Trying to reign in my anger before I did something rash, like started beating the shit out of these three fuckheads and taking the risk of Ginny accidentally getting hurt in the process, I spit out through clench teeth, “I don’t know what the fuck you’re doing, man, but you need to give me my girl back before I snap your neck like a goddamn toothpick.”

The man in the suit smiled, and for some odd reason, it reminded me of what a shark looked like right before it attacked.

“Your girl?” he murmured. His brown eyes bore into my own before he tilted his head back and laughed loudly. Then he looked back at me with a smile so big and smug that I wanted to reach out and punch his lights out. However, I stopped, seeing Ginny looking at me with pleading eyes as she stood behind him, begging me not to.

I knew who this was now—her fiancé. The man who had a record just a little too clean. A little too vague. The man I would end if I had to in order to get my woman back.

Sanjay Kahn.

Chapter

14

Ginny

It was strange. One moment, I was confronting my past, and the next, my future was shoving me away from him.
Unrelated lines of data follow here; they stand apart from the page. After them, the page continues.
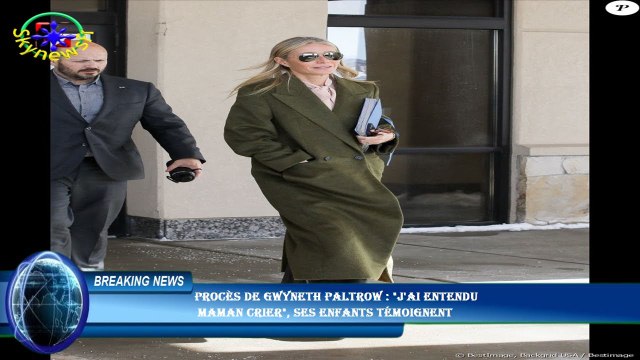 Procès de Gwyneth Paltrow : J'ai entendu maman crier , ses enfants témoignent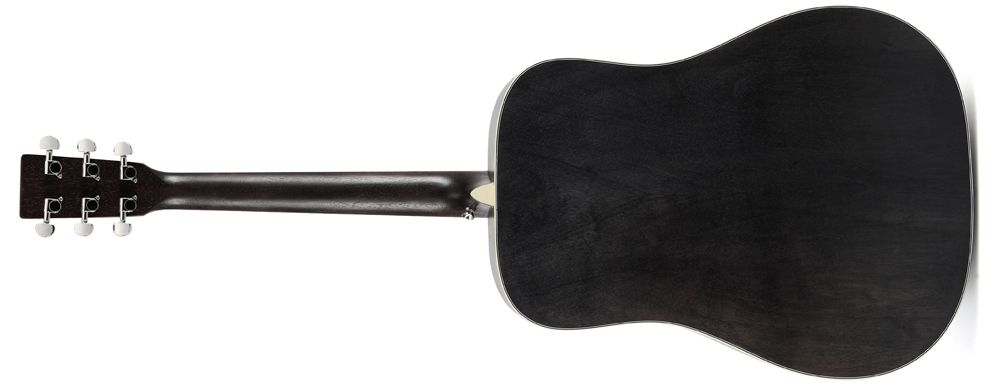 SX SD204TBK Trans Black Guitarra Acústica 1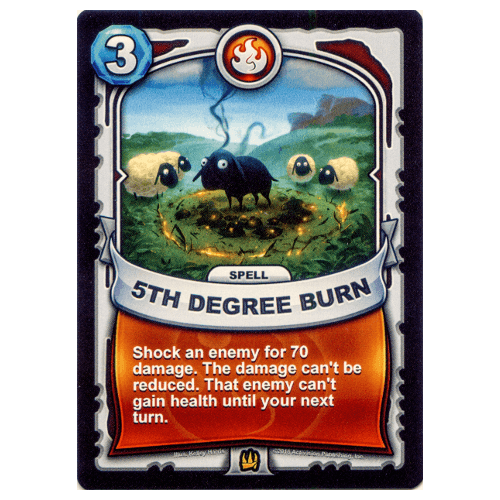 Fire Spell - 5th Degree Burn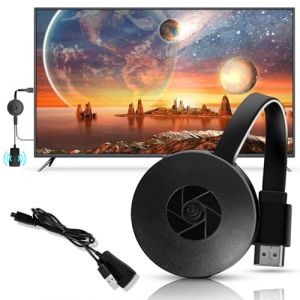 Miracast HDM Dongle, Wireless HDMI Dongle, Full HD Miracast HDMI Dongle, HDMI Transmitter Wireless Display Adapter, Wi-FI Display Dongle Android/OS/Windows/iPad, Phone, PC zu HDTV/Monitor/Projektor (DING VICTORY LIMITED, neuf)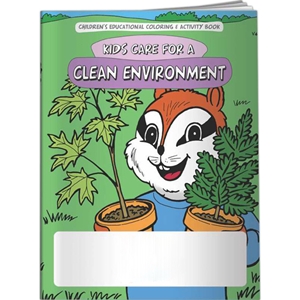 Kids Care for a Clean Environment Coloring Book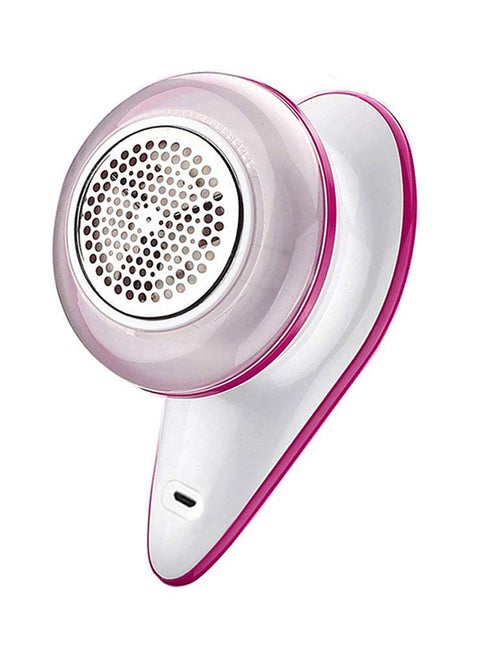 USB Rechargeable Lint Remover White/pink 21.8 x14.5x9.6centimeter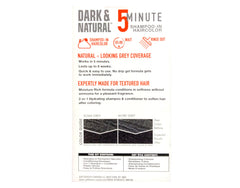Dark & Natural Color Men Natural Black swatches display true shade for confident selection.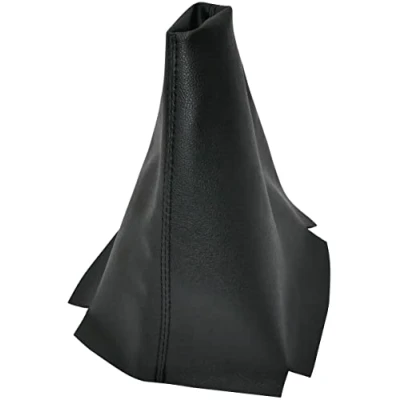 Imagen de AERZETIX C58524 Funda para palanca de cambios compatible con VW Polo 9N 9N2 2002 a 2009 color: negro en piel sintética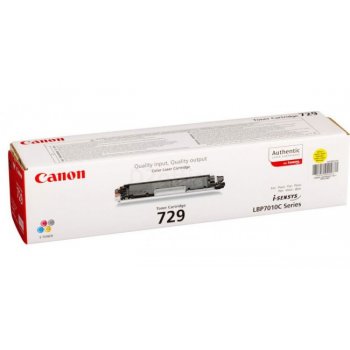 Заправка картриджа Canon 729 желтый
Okay, so maybe that was a bit philosophical or whatever, but that was exactly what happened. I went from Lucas threatening to paddle my ass and promising to get me out of there to Jay and his two bodyguards blocking my view of even seeing Lucas, protecting me from what they thought was a threat.

My head was spinning, not entirely from the cosmopolitan, and I tried frantically to stop my building panic so I could figure out how to get Jay and his men out of here before they hurt Lucas. That was about the time I clued in to their conversation.

“I don’t know what the fuck you’re doing, man, but you need to give me my girl back before I snap your neck like a goddamn toothpick,” Lucas ordered Jay.

Could this possibly get any worse?

“Your girl?” Jay murmured back in a voice that seemed more than a little too calm for the man I had learned he could be.

Suddenly, Jay threw his head back and started laughing.

Dropping my face into my hands, I knew my answer to my stupidly thought question a few seconds ago. Yes, this situation could absolutely get worse. It just had. In fact, I was pretty sure I was in hell, a horrible, horrible soap opera type of hell that just wouldn’t end.

I had to think fast if I was going to get Jay and myself out of here without there being any bloodshed. There was no way I had come this far, sacrificed this much, for Lucas to come barging in, thinking he was going to save the day, only to get himself killed.

Of course, at the moment, I was so mad at him that, if I had a gun in my hand, I just might have shot him myself.

Grabbing the back hem of Jay’s suit jacket, I gave it a gentle tug to get his attention. Then, leaning closer to his back, I whispered, “Jay, can we please just leave. We’re causing a scene, and I really don’t want to see how my father would react if news of this got back to him.”